Tor users advised to run malware checks -

Tor users advised to run malware checks

Douglas Crawford

Douglas Crawford

October 28, 2014

At least one Tor relay node has been caught modifying programs downloaded for Windows, adding malicious code to them.

A special form of Man in the Middle attack (MitM), the malicious relay node (or nodes) is based Russia, and was spotted by security researcher Josh Pitts (who explains details of the attack here).
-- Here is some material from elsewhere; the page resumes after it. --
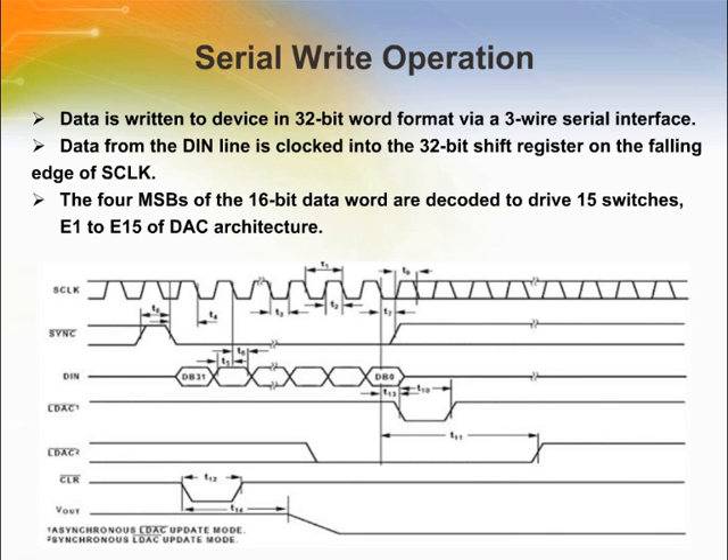Data is written to the AD5066 in a 32-bit word format via a 3-wire serial interface. It supports a 3-wire serial interface compatible with SPI, QSPI, Microwire, and most DSP interface standards. The write sequence begins by bringing the SYNC line low, which enables the DIN and SCL clock input buffers. Data from the DIN line is clocked into the 32-bit shift register on the falling edge of SCL. The serial clock frequency can be as high as 50 MHz, making the AD5066 compatible with high-speed DSPs. On the 32nd falling clock edge, the last data bit is clocked in and the programmed function is executed — a change in the input register contents and/or change in the mode of operation.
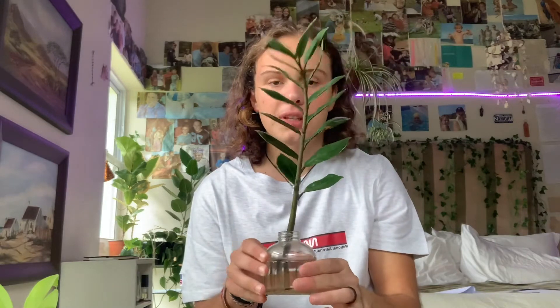What you want to do is place the cutting in some clean water. I've got my little jar of water here and I'm just going to place it in. You can let it callous first, but it's not necessary — I'm not going to bother since I'm impatient. Place it in a well-lit position that gets maybe some morning sun. Within a couple of weeks you'll start to see it developing roots. Don't get discouraged if it doesn't produce roots very quickly; it will take its time, but once it gets going it will grow quite quickly.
It is unknown how long the problem has persisted.

Pitts tested the BDFProxy tool (similar to the software used by the malicious Tor node to wrap downloads in malware) ‘against a number of binaries and update processes, including Microsoft Windows Automatic updates,’ and was alarmed to find that although the Microsoft Update process was able to spot the original download had been tampered with, it tried to solve the issue by downloading a patch which was then also tampered with, but which were not verified by Windows Update,

If an adversary is currently patching binaries as you download them, these ‘Fixit’ executables will also be patched. Since the user, not the automatic update process, is initiating these downloads, these files are not automatically verified before execution as with Windows Update. In addition, these files need administrative privileges to execute, and they will execute the payload that was patched into the binary during download with those elevated privileges.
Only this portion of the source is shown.